Our IT Security team consulted with the firm’s stakeholders to confirm their objectives for this project:
- Identify current state of Cyber Security
- Prepare for upcoming regulatory audits by verifying that requirements are being met
- Establish a relationship with a cyber security firm who can provide resources for aspects of cyber security that the firm does not need on staff full-time (such as Incident Response)
We recommended a Cyber Security assessment to compare the firm’s current policies and controls against NIST standards and SEC regulatory guidelines. Third-Party vendors were included to ensure that appropriate agreements were in place that confirmed that the parties have agreed to adhere to the firm’s security practices. We also incorporated social engineering to test the human aspect of the firm’s cyber security as many breaches are caused by failure of staff to follow security awareness best practices.
Our findings for the firm were not unusual. Although they had much of the security best practice framework in place, missing security patches, use of default admin account credentials for devices like network printers and routers, and some updates needed to account access policies in Active Directory left them vulnerable to attack – and not completely up to compliance standards. All of these issues were easily fixed by their staff and outside IT support firm once identified.
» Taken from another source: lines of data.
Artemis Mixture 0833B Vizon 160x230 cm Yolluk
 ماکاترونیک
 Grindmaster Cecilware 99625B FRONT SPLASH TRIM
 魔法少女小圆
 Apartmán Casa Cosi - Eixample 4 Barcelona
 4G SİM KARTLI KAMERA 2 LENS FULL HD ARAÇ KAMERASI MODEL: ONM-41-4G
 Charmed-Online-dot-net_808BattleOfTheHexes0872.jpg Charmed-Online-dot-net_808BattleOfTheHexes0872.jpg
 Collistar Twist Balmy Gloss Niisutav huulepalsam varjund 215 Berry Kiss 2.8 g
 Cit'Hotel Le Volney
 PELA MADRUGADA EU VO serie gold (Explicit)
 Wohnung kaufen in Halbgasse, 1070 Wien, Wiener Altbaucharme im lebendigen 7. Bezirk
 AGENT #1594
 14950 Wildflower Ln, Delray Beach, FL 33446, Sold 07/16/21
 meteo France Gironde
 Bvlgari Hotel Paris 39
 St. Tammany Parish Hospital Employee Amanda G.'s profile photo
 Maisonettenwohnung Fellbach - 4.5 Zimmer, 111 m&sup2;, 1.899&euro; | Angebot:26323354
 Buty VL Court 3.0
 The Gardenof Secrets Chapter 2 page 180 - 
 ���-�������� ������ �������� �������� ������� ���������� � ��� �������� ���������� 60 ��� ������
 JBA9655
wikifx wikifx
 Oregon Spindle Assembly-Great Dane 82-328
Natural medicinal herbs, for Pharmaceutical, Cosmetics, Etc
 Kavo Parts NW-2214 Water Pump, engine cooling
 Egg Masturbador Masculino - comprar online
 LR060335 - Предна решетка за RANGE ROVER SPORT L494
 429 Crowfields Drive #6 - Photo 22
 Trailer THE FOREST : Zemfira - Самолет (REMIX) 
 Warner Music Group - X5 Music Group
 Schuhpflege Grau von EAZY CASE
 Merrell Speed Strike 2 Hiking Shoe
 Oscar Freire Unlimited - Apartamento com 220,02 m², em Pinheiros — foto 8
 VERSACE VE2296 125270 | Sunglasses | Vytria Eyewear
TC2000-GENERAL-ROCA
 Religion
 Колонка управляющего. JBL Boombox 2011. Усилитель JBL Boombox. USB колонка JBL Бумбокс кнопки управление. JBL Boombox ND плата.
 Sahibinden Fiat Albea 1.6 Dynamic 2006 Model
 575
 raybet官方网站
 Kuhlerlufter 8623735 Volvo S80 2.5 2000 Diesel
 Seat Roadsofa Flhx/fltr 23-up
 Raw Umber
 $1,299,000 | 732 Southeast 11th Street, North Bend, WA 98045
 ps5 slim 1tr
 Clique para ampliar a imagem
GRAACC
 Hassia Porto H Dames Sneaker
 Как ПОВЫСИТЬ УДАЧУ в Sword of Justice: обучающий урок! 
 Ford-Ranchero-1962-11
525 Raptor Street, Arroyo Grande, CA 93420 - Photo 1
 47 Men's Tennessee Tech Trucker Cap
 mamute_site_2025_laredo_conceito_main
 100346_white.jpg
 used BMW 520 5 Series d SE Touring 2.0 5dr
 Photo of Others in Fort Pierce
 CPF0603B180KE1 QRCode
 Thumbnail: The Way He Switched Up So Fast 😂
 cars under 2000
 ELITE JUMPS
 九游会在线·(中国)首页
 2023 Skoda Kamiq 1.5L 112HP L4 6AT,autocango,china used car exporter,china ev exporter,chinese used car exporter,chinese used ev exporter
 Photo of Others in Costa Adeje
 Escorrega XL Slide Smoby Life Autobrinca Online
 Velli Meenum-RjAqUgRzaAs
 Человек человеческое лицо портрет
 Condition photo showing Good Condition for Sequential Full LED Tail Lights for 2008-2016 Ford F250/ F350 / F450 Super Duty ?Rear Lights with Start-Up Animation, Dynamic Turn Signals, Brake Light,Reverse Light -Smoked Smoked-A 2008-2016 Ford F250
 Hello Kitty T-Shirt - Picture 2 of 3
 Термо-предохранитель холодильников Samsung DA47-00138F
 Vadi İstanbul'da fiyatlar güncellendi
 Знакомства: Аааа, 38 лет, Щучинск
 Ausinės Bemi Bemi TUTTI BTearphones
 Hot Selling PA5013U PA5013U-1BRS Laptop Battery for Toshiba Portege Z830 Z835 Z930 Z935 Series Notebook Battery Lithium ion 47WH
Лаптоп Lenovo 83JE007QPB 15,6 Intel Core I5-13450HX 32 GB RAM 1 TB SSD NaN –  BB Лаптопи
An email phishing campaign was developed to test the firm’s staff on best practices to not click on links in emails and not share login credentials. The firm was proud that their security awareness training proved to be effective as despite multiple attempts and campaigns, staff alerted each other and the firm’s executive team of the suspicious nature of the emails, and none of the users were tricked into providing their credentials. Although the firm had some documentation in place, they were missing some key policy documents that will be required for the audits and some processes had not been documented at all. Again, a simple fix that will prevent them from a “non-compliant” audit status.